I know one transgender person who lives in Paphos and s/he seems to be accepted even though it is very very obvious she used to be a he.


----------



## MartynKSA (Aug 7, 2011)

James- if you want to contact me privately, I will be able to put you in touch with my daughter, Francesca. She spent a lot of time in Nicosia with friends in the LGBT community and would, I am sure give you her views and put you in touch


----------



## AysunY (May 2, 2013)

Dear James, 

There are quite a few gay-friendly venues in Cyprus.
On Facebook, you may find a number of community pages by simply searching for:
"Support LGBT Rights in Cyprus" or using the keywords LGBT and/or Cyprus.
I may also recommend a venue that I know holds gay/gay-friendly parties on Thursday nights only.
It's named *Ithaki Bar*, near the old nicosia. (Nikiforou Foka 33, Nicosia, 22-434193 / 99 616561)
As far as I know, there are few gay clubs in Larnaca or Limassol, too.

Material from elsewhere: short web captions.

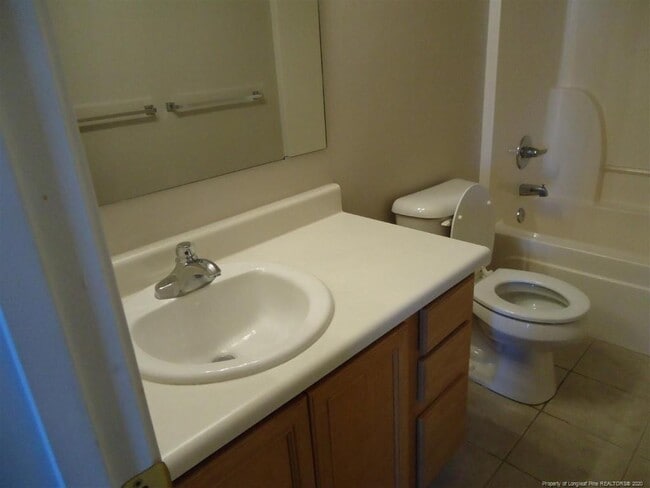 Building Photo - 3694 Pioneer Dr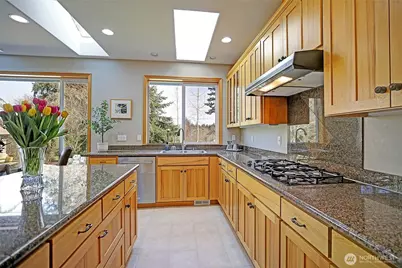 25721 38th Avenue NW, Stanwood, WA 98292 - Photo 11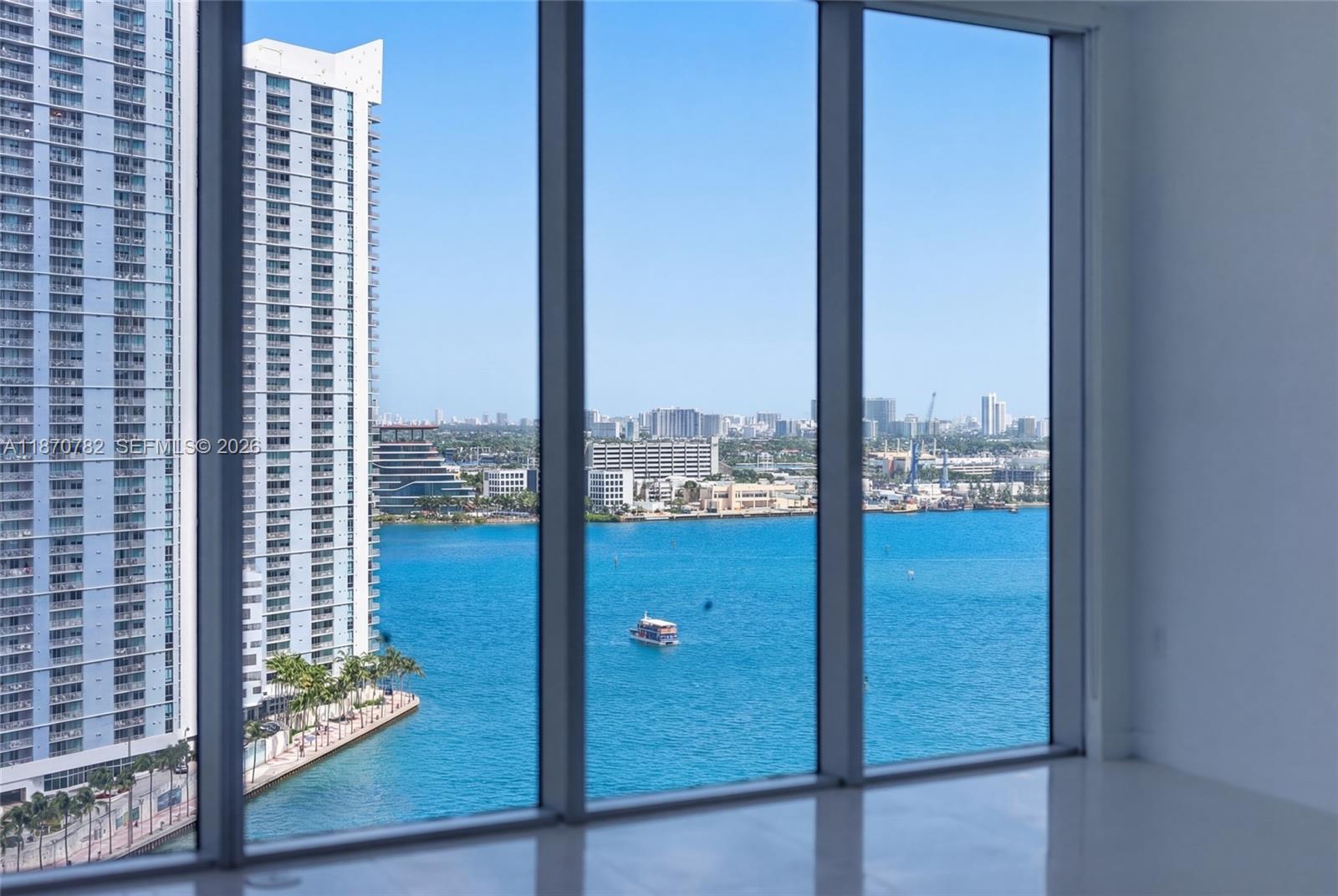 465 Brickell Ave 2002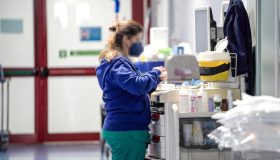 Meloni e medici allo scontro, in Manovra pochi soldi alla sanità e rischio protesta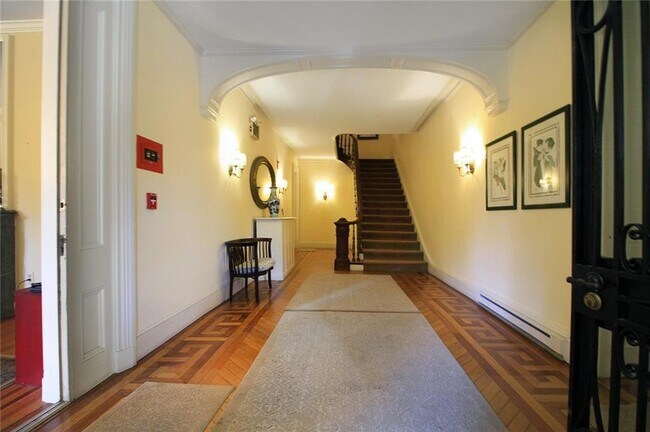 Foto del edificio - 66 Webster St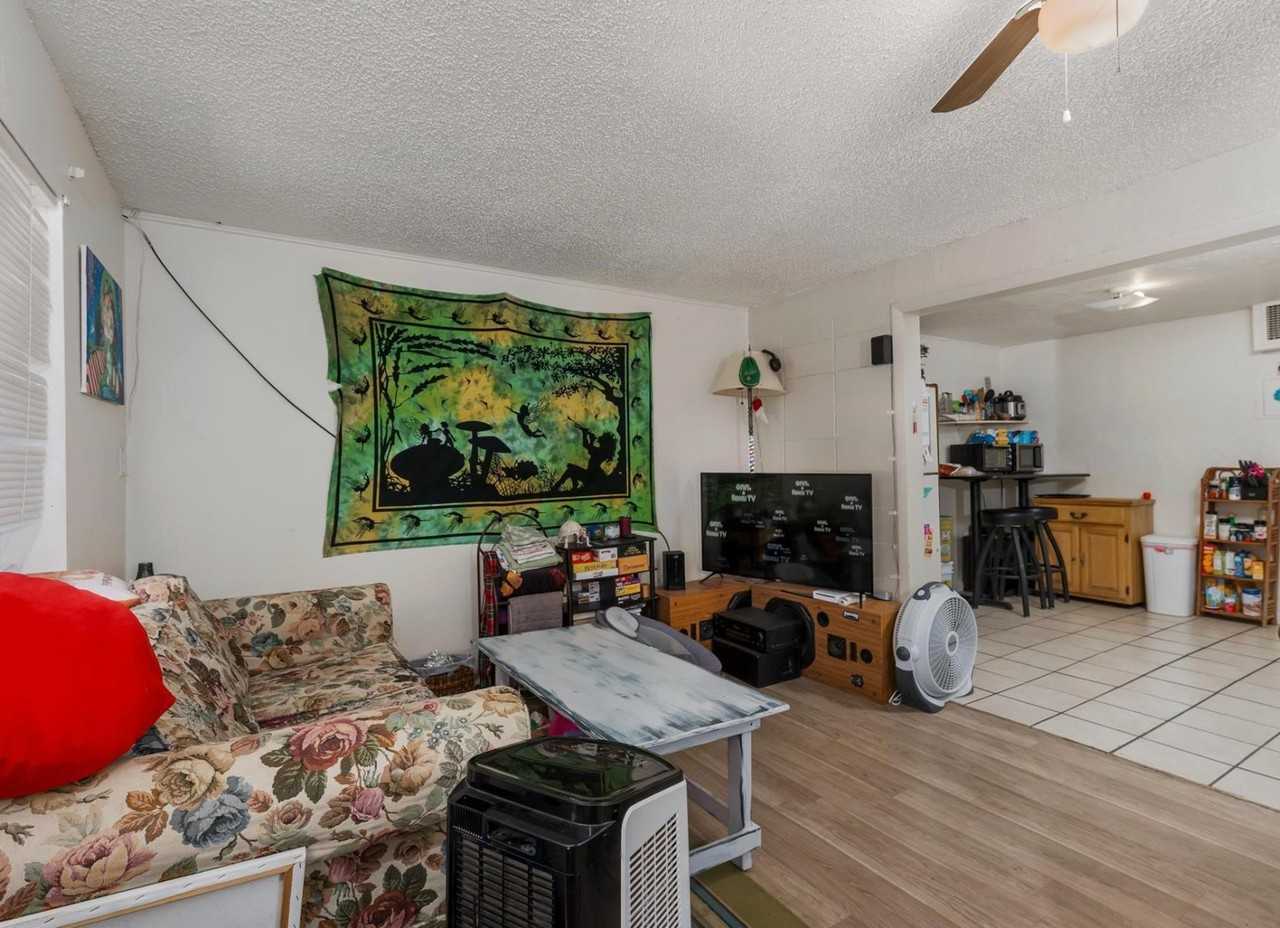 470 Burns Ave #5 - Photo 4 of 6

LGBT people in Cyprus are not very open, so you may find it difficult to meet people randomly. But it's always nice to visit such venues or community pages and find out 


Cheers mate


----------



## Mitch929 (May 13, 2013)

Hey James! 

I'll also be moving to cyprus at the university of nicosia in September and I'm also identifying as gay! Private message me if you like! Would be nice to Chat to someone also in the same position! 

Mitch


----------



## jamesellis (Apr 22, 2013)

Hi Mitch! I will message you right away 

EDIT - I cannot as you might not have enough posts to use messaging! Perhaps if you have Facebook or something?


----------



## Cleo Shahateet (Feb 23, 2009)

I know this thread is a little old, but I just saw this article in the CYprus Mail and thought it was an important step in the right direction for Cyprus and the LGBT community that this brave man was honored and recognized for his work. 

Honour for activist who battled two decades for gay rights | Cyprus Mail


----------